Derivatives – Credit Valuation Adjustment

We establish a counterparty Credit Valuation Adjustment (“CVA”) for OTC derivative transactions to cover expected credit losses. The adjustment amount is determined by assessing the potential credit exposure to a given counterparty and taking into account any collateral held, the effect of any relevant netting arrangements, expected loss given default and the credit risk, based on available market information, including CDS spreads.

We recorded € 209 million in CVAs against our aggregate monoline exposures as of December 31, 2013, down compared with € 737 million as of December 31, 2012. For more details about CVAs for monoline counterparties, please refer to section “Financial position – Exposure to Monoline Insurers”.

Treatment of Default Situations under Derivatives

Unlike standard loan assets, we generally have more options to manage the credit risk in our OTC derivatives when movement in the current replacement costs of the transactions and the behavior of our counterparty indicate that there is the risk that upcoming payment obligations under the transactions might not be honored. In these situations, we are frequently able under prevailing contracts to obtain additional collateral or terminate the transactions or the related master agreement at short notice.

The master agreements executed with our clients usually provide for a broad set of standard or bespoke termination rights, which allow us to respond swiftly to a counterparty’s default or to other circumstances which indicate a high probability of failure. When our decision to terminate derivative transactions or the related master agreement results in a residual net obligation owed by the counterparty, we restructure the obligation into a non-derivative claim and manage it through our regular work-out process. As a consequence, for accounting purposes we typically do not show any nonperforming derivatives.

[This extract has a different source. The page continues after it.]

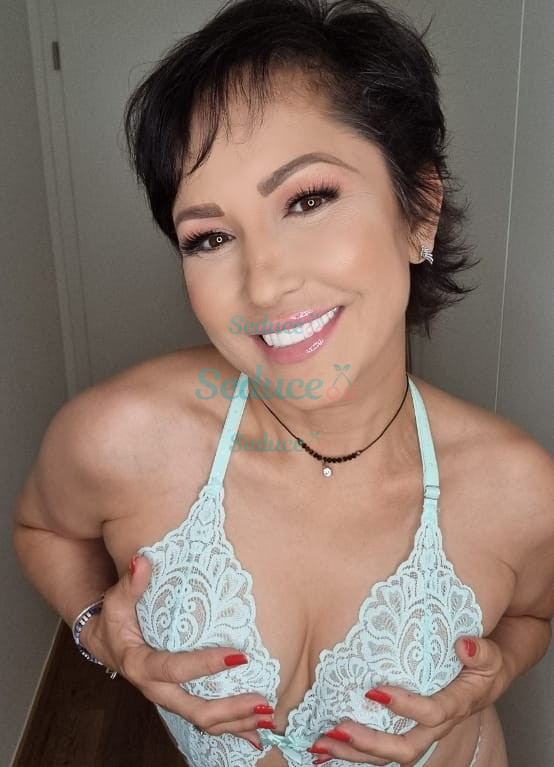 Photo escort girl Rusa: the best escort service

Wrong way risk occurs when exposure to a counterparty is adversely correlated with the credit quality of that counterparty. In compliance with Section 224 (8) and (9) SolvV we, excluding Postbank, had established a monthly process to monitor specific wrong way risk, whereby transactions subject to wrong way risk are automatically selected and presented for comment to the responsible credit officer. In addition, we, excluding Postbank, utilized our established process for calibrating our own alpha factor (as defined in Section 223 (7) SolvV) to estimate the overall wrong-way risk in our derivatives and securities financing transaction portfolio. Postbank derivative counterparty risk is immaterial to the Group and collateral held is typically in the form of cash.